# short normals

Does sending normals as bytes, shorts or ints, mean that you need to glEnable(GL_NORMALIZE), unless you want to play with the normal magnitudes?

From the reference page “Byte, short, or integer arguments are converted to floating-point format with a linear mapping that maps the most positive representable integer value to 1.0 and the most negative representable integer value to -1.0.”

Indeed, but the conversion to floats does not necessarily preserve unit normal length, i.e. no normalization is prescribed after the conversion. Or is it?

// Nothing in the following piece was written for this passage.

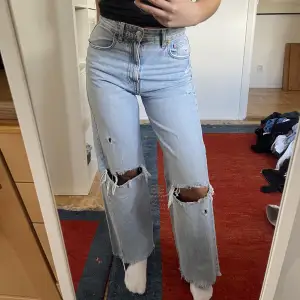Fräscha Zara jeans med slitningsdetaljer.  Strlk 36 Skick: Knappt använda 💕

When your buffer contains fixed-point data (byte,short,int), the normalization depends on how you treat it. In other words, you should tell GL that your data is stored as fixed-point. This is specified in the 4th parameter of glVertexAttribPointer.

It doesn’t depend on the type of the data.
If you are sure that your data are nomalized don’t need to enable GL_NORMALIZE.
The only difference is that with float/double the lenght of the array must be 1.0 while with byte the lenght must be 127, with short (2^16)-1 and with int (2^32)-1

I think one cannot guarantee lengths such as you specified. We’re dealing with integers and there’s a square root involved in calculating the lengths. I suppose the normal does get close to unity length, after conversion into floats, if it was of unity length before the conversion into integers.

One of the components, say, c3^2 = 2^n - 1 - c1^2 - c2^2

After that c3 = ±sqrt(c3^2), which can produce a real number, not an integer.

I don’t understand your concern, you have a vector specified by byte (like normal on a texture), it’s only a scaling factor.

If magnitude({ x, y, z}) == 1 also will be magnitude(s*{x, y, z}) / s
There are finite maths approximation problem but for most graphic application an error of 1% is not a problem.

Let’s say you have { 0.0, sqrt(2)/2, sqrt(2)/2 } as a float
in integer it became { 0, 90, 90 }

0 + 90^2 + 90^2 = 16200
127^2 = 16129… close enought

With your example… c1 = 0, c2 = 90
c3^2 = (2^n - 1)^2 - c1^2 - c2^2
c3 = 89.604… that converted to byte is 90

If you use integer you are even more precise than float (precision that get lost in the conversion).

Well, then we agree, that for normals of as much unity length as possible (not close to unity), glEnable(GL_NORMALIZE) is needed, when sending integer normals to the GPU.